March 9, 2007

EdDaily: Voluntary national standards raise technical questions


Voluntary national standards raise technical questions

By Stephen Sawchuk
Staff Writer

Passing a voluntary national educational standards bill represents a monumental political challenge for Congress, but some stakeholders feel that an equally large technical challenge will face the body charged with development of the standards and states that agree to adopt them.

The discourse around national standards has mostly dodged issues of how to align tests to those standards and set uniform proficiency definitions. Yet they are crucial matters: States theoretically could adopt national standards and still not produce comparable data, experts say.

"You could have different tests that align in varying degrees, but if you were serious about it, you would conclude some of them did a better job than others," said Robert Linn, director of the Center for Research on Evaluation, Standards and Student Testing. "And there would still be the major issue of what the academic achievement levels are, which at present are just all over the map."

All eyes on NAEP

Several voluntary national standards proposals would use the National Assessment of Educational Progress as a starting point; the Standards to Provide Educational Achievement for Kids Act, S. 224, introduced by Sen. Christopher Dodd, D-Conn., would require the National Assessment Governing Board to anchor K-12 voluntary math and science national standards in existing NAEP frameworks.

States have long relied unofficially on the frameworks as one resource for development of their state standards. Yet testing experts are not convinced of their technical appropriateness as a basis for tests aligned to national standards.

Unlike NAEP, states test all students on all test questions. A combination of the number of test items and how well they cover standards governs the value of the instructional information.
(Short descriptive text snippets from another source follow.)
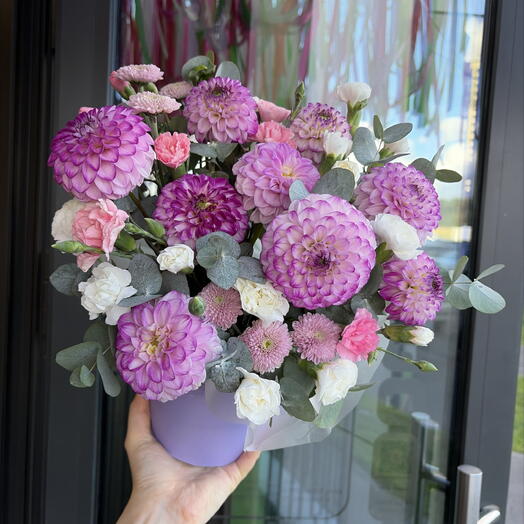 Георгины фиолетовые в шляпной коробке 💜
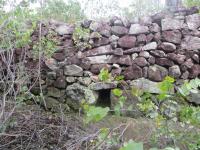 Outro tipo de construção em pedra ao longo da trilha, caracterizando a importância arqueológica do local. Foto: Violeta de Souza Martins, 2021.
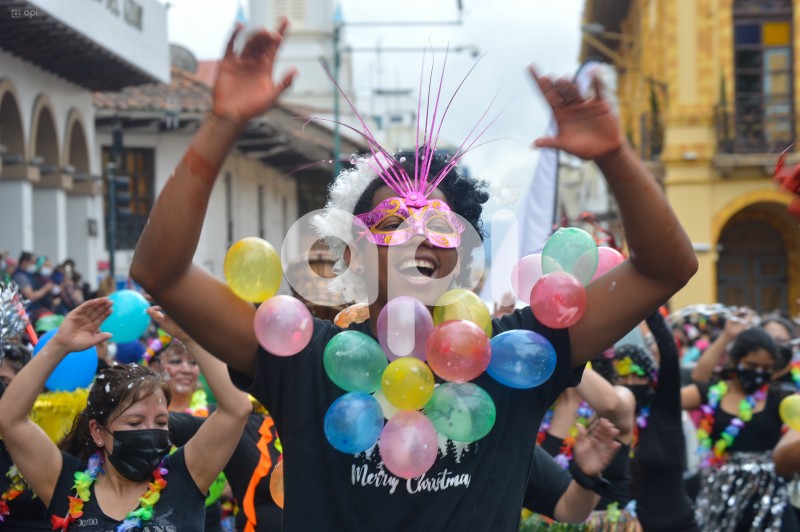 CUE-DESFILE-CARNAVAL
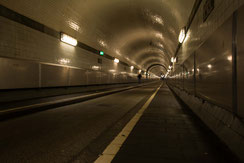 elbtunnel, elbe, landungsbrücken, hamburg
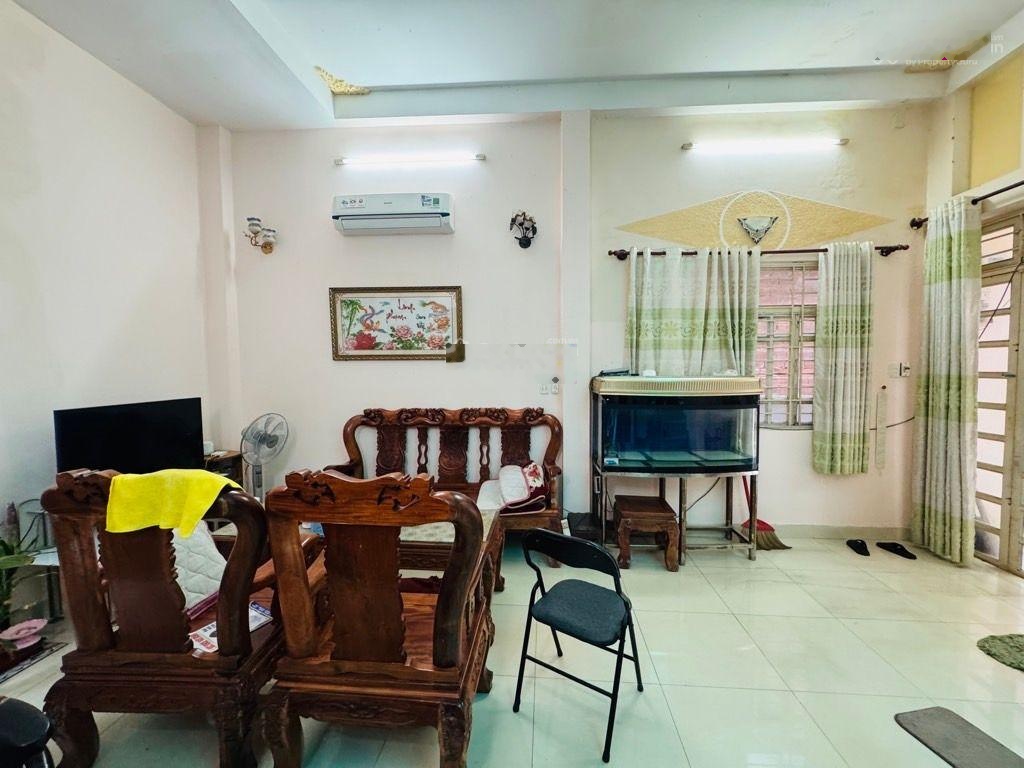 Bán nhà tp hcm, tân bình, nguyễn bá tòng, 40m2, 2 tầng, hẻm ô tô. giá 5.5 tỷ
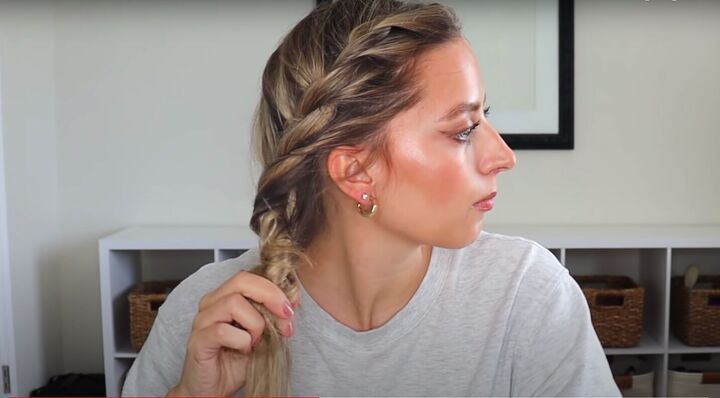 4 quick easy cute 1 minute hairstyles for when you re in a rush, How to do a quick and easy rope braid
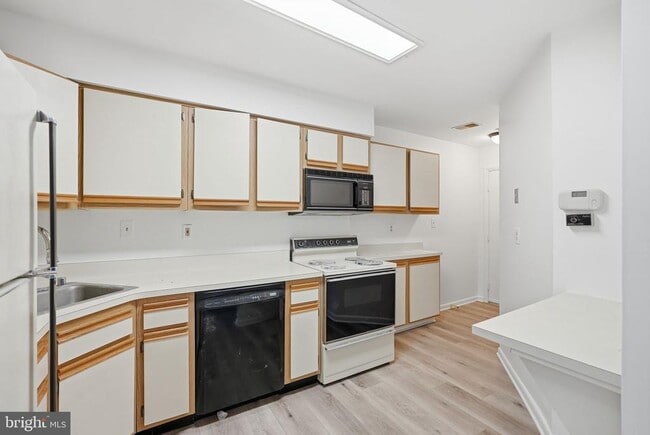 Building Photo - 13405 Shady Knoll Dr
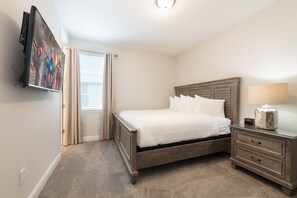 6 chambres, coffre-fort, fer et planche à repasser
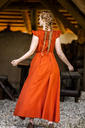 bodenlanges-kleid-mit-schulterruesche-clara-rost~6.webp
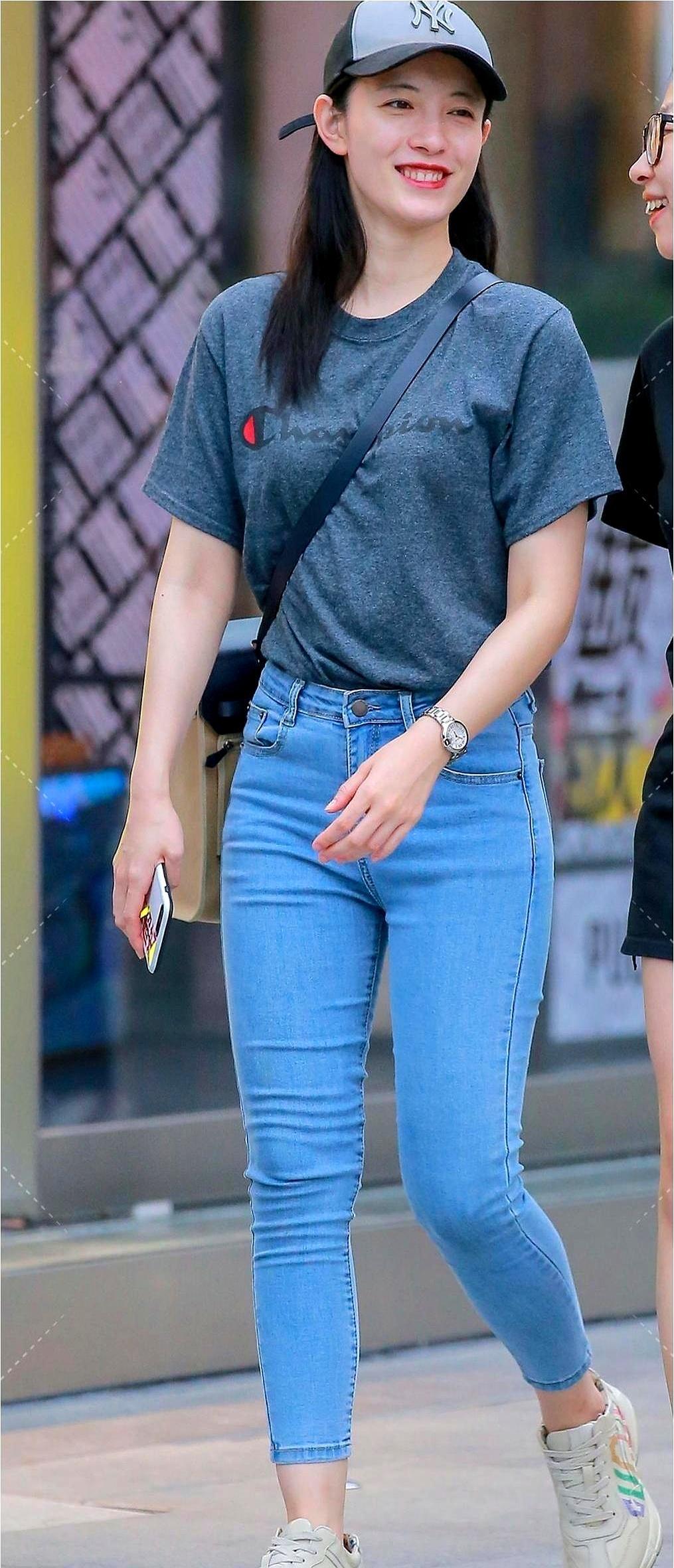 一个人身上什么气质最迷人呢?
街上小姐姐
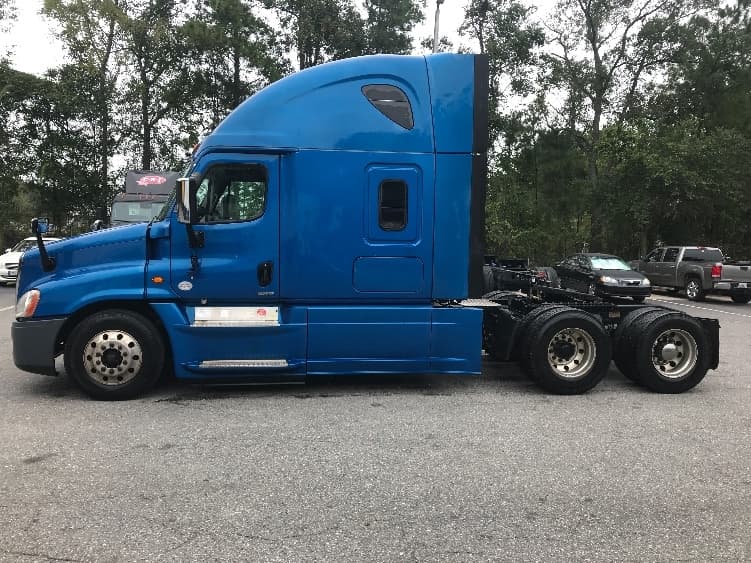 2017 Freightliner Cascadia in Jacksonville, FL — photo 4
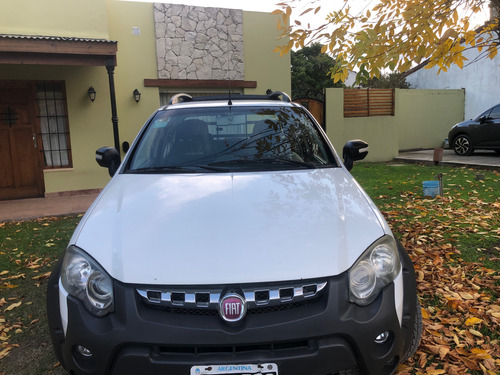 Fiat Strada 1.6 Adventure Cd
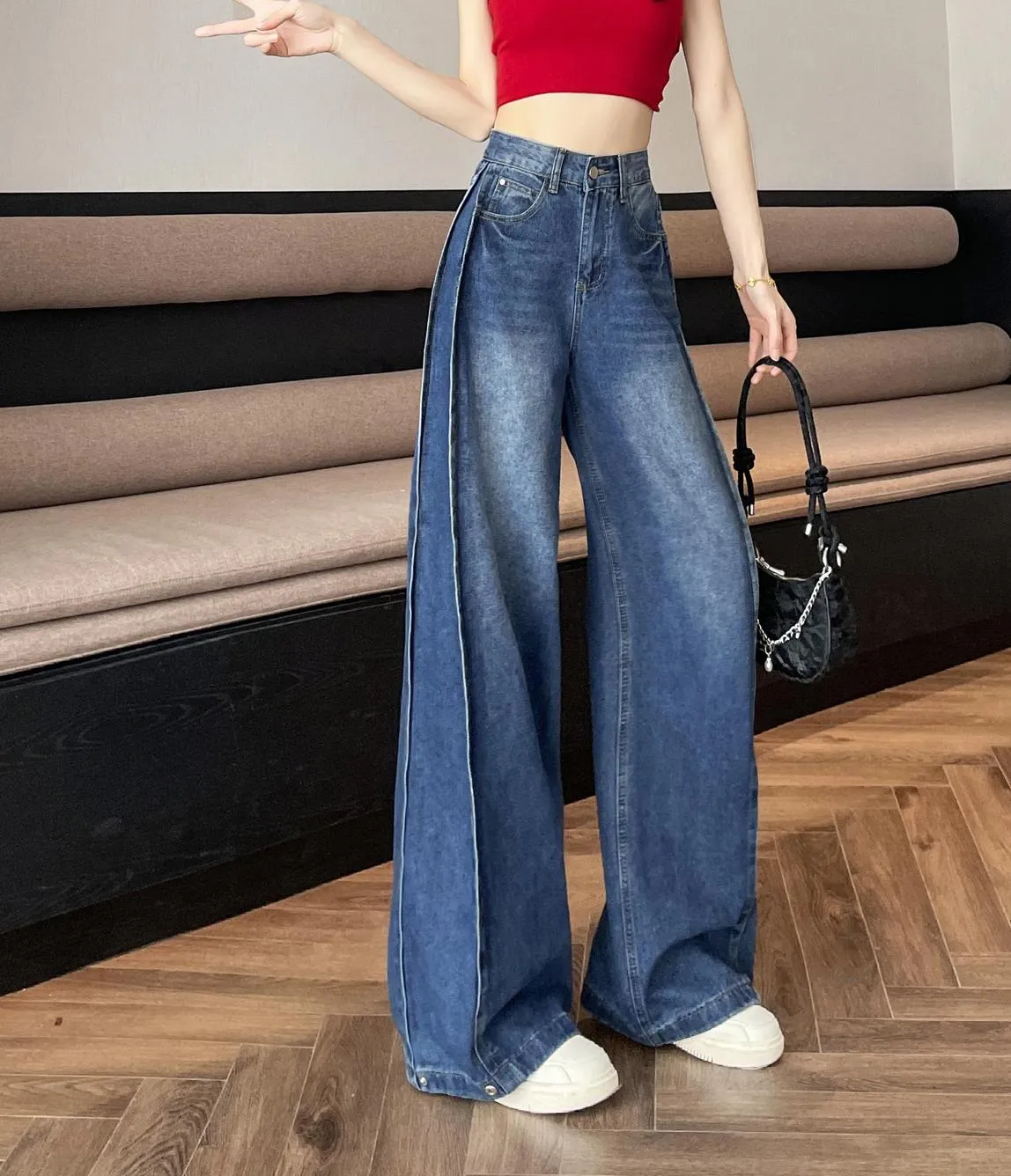 Slimming Straight-Leg Jeans in a Relaxed Fit for Women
"[NAEP] frameworks are pretty broad," Linn said. "And some states like Wyoming that are trying to have a more focused set of content standards might feel pressured to be much broader than desirable from an instructional point of view."

Missouri, whose new fourth and eighth grade-level standards closely align to NAEP frameworks, has had to limit what its test assesses for that reason.

"Our test is a sample of the content; it's not intended to cover every one of the grade-level objectives," said Walt Brown, state curriculum and assessment coordinator. "We'd be testing kids for a week to try to catch all of that."

Stakeholders developing a national standard will have to confront the issue of breadth and depth of the national standards, and also to what extent they should resemble international standards.

NAGB officials could not speculate on the issue but confirmed that if Congress charged the board with development of national standards, it likely would use a process similar to that used to develop NAEP frameworks, which solicits input from officials at all educational tiers.

The cut score challenge

Experts say tests aligned to a common standard also will need to become more similar so states can create a common definition of proficiency and comparable cut scores, the percent of questions a student must answer correctly to be deemed proficient.

Louisiana has learned that lesson firsthand. The state attempted to link its state assessment rigor to NAEP tests in 1999-2000 but found many technical challenges because of the differences in test construction and content.

"We had to use a procedure that was not technically sophisticated because of the lack of our ability to link those two tests together in a psychometric or statistical sense," said Scott Norton, Louisiana's accountability director.

The Dodd bill would authorize grants to states that used NAEP-based national proficiency standards. To date, only Missouri, with its close state-to-NAEP standards, has aligned its proficiency levels to NAEP. Theoretically, the same percent of students score proficient on both state tests and NAEP.

All states signing onto national standards would likely have to agree on a common proficiency definition and a method of comparing cut scores. That, too, could prove challenging, especially as some have questioned the appropriateness of NAEP's proficiency definition.

"My personal view is that NAEP standards are way too stringent," Linn said. "There is no country in the world that has come close to having all students that at level."

A national test?

Some feel a voluntary national test aligned to the standard would produce the most accurate state-to-state comparisons.

"It would be a real waste of potential to have one national standard and 50 state tests," said Michael Petrilli of the Thomas B. Fordham Foundation. "If everyone's aligning their assessments to the same standards, they ought to look awfully similar at the end."

That could be a tough sell to states already suspicious of the national standard concept. Not all states will support voluntary national standards. "What I've found over the years is that things start out as voluntary and pretty soon become mandatory," says Montana State Superintendent Linda McCulloch.

Still, many feel the technical conversation is not yet a priority.

"I think it will be pulled into the larger No Child Left Behind debate, and I also don't see any fast action that front," Petrilli said.